START Data provided
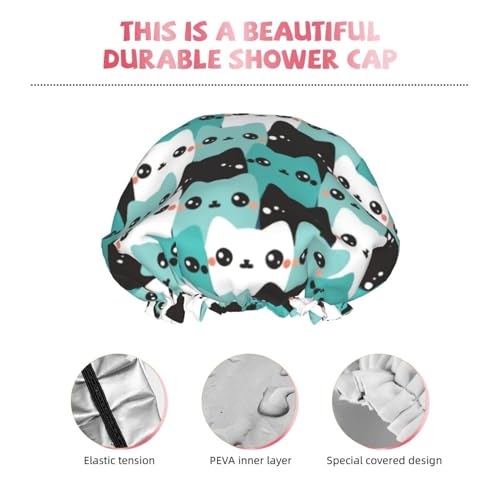 Cat Pattern Shower Cap For Women Reusable Waterproof Double Layers Bath Cap Hair Protection Elastic Ladies Spa Salon Shower Hat - color: Cat Pattern
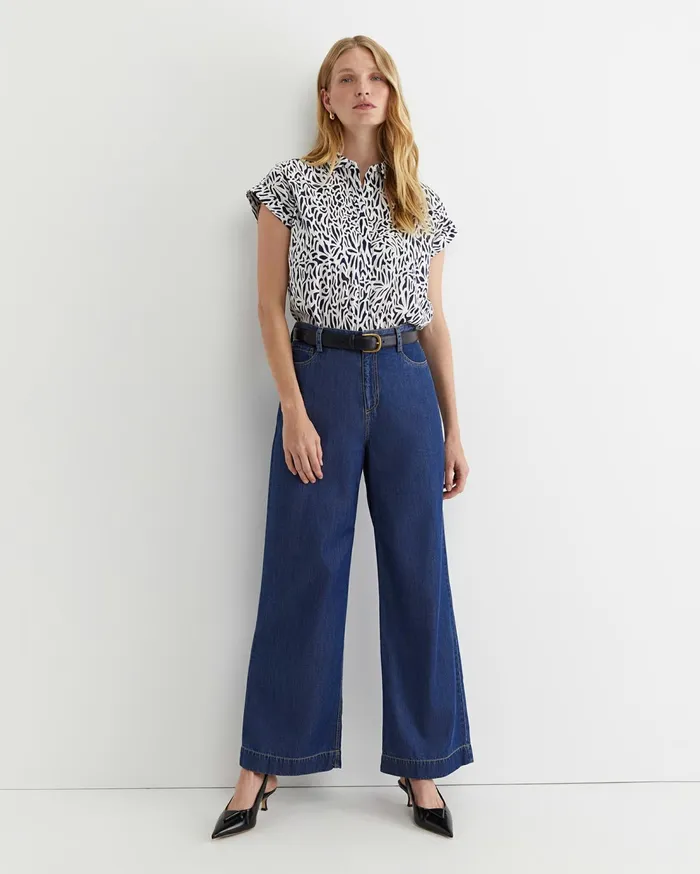 Sportscraft Adriana Lily Voile Shirt Whitenavy Women Shirts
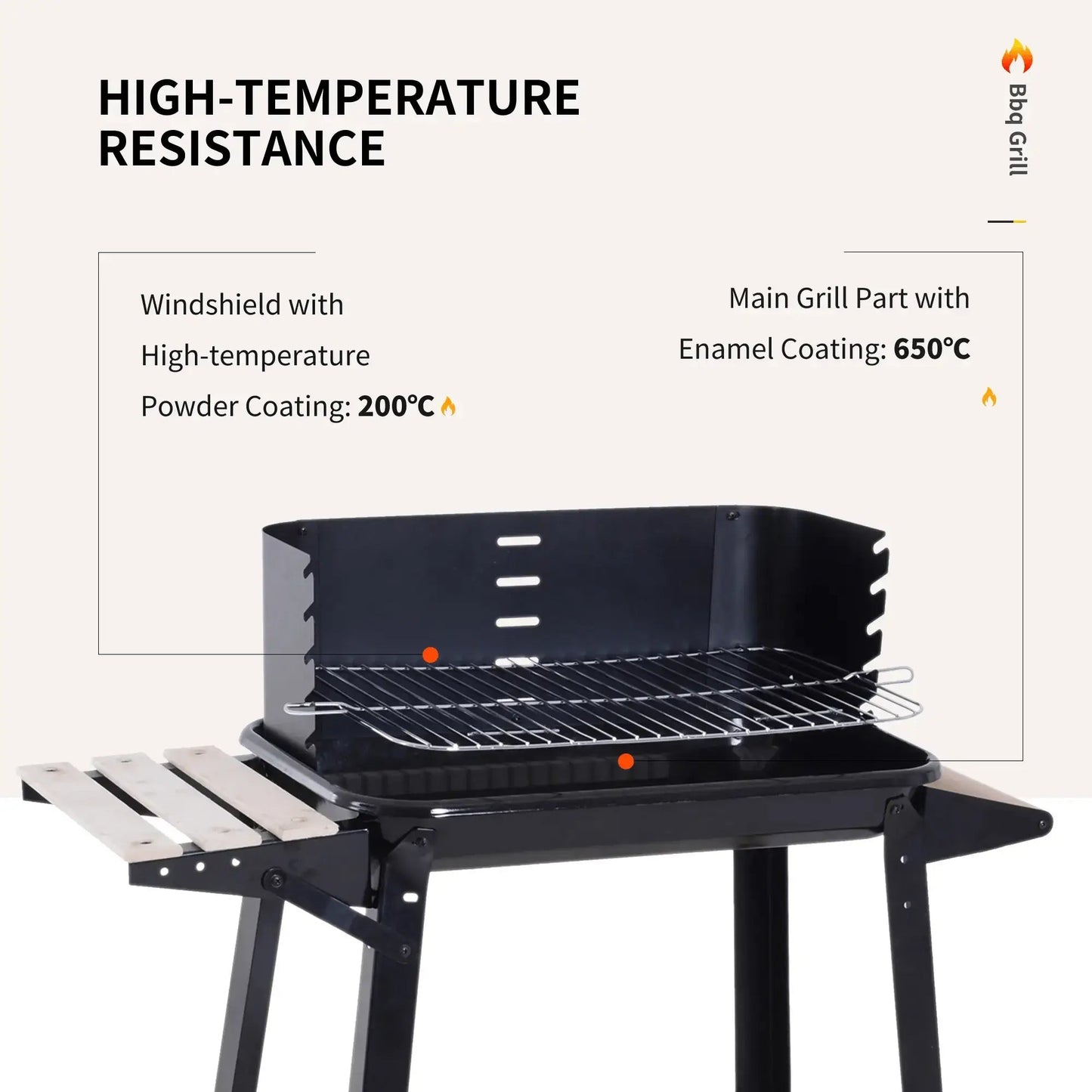 Outsunny Trolley Charcoal BBQ Barbecue Grill Outdoor Patio Garden Heating Smoker with Side Trays Storage Shelf and Wheels 846 - 032 - Garden & Outdoor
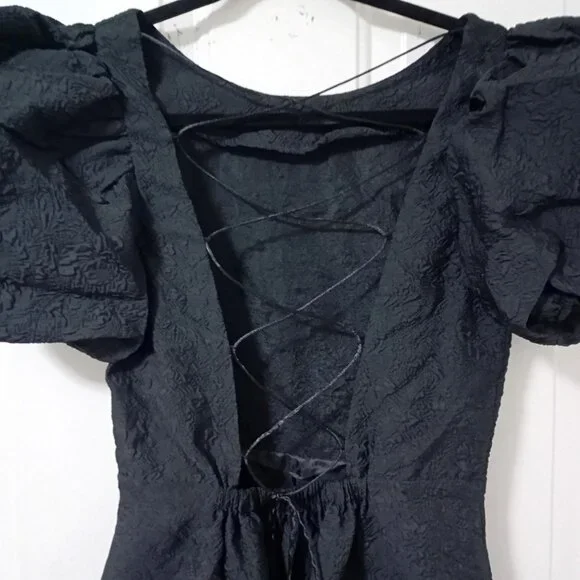 Simonett Beya Dress Black Size S Puff Sleeve Textured Fabricv Womens - Picture 5 of 11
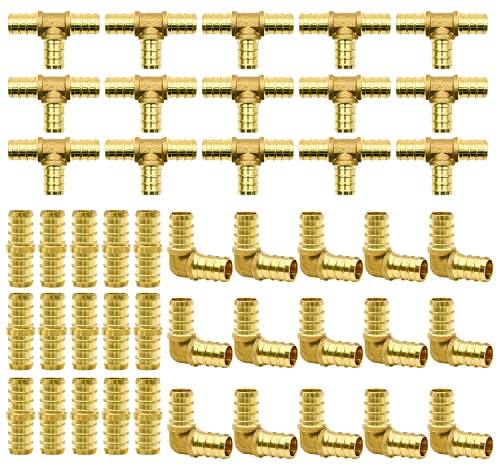 45pcs 1/2" PEX Fittings, Elbow TEE Straight Couplings Set, PEX Brass Crimp Fitting Combo with Tees, Elbows, Straights | for PEX Pipe - size: 1/2"-45pcs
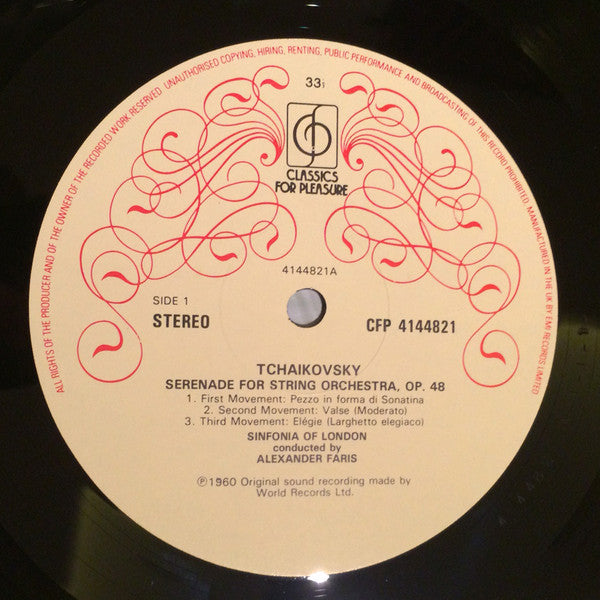 Pyotr Ilyich Tchaikovsky / Johann Sebastian Bach / Luigi Boccherini / Georg Friedrich Händel - Sinfonia Of London, Alexander Faris : Serenade For String Orchestra / Air From Suite No. 3 In D / Minuet From String Quartet In E / Minuet From Berenice (LP)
END Data provided
### Instructions for the task
All of the material shown above needs to be duplicated exactly. Omit every picture.

### Finished exercise
 Cat Pattern Shower Cap For Women Reusable Waterproof Double Layers Bath Cap Hair Protection Elastic Ladies Spa Salon Shower Hat - color: Cat Pattern
 Sportscraft Adriana Lily Voile Shirt Whitenavy Women Shirts
 Outsunny Trolley Charcoal BBQ Barbecue Grill Outdoor Patio Garden Heating Smoker with Side Trays Storage Shelf and Wheels 846 - 032 - Garden & Outdoor
 Simonett Beya Dress Black Size S Puff Sleeve Textured Fabricv Womens - Picture 5 of 11
 45pcs 1/2" PEX Fittings, Elbow TEE Straight Couplings Set, PEX Brass Crimp Fitting Combo with Tees, Elbows, Straights | for PEX Pipe - size: 1/2"-45pcs
 Pyotr Ilyich Tchaikovsky / Johann Sebastian Bach / Luigi Boccherini / Georg Friedrich Händel - Sinfonia Of London, Alexander Faris : Serenade For String Orchestra / Air From Suite No. 3 In D / Minuet From String Quartet In E / Minuet From Berenice (LP)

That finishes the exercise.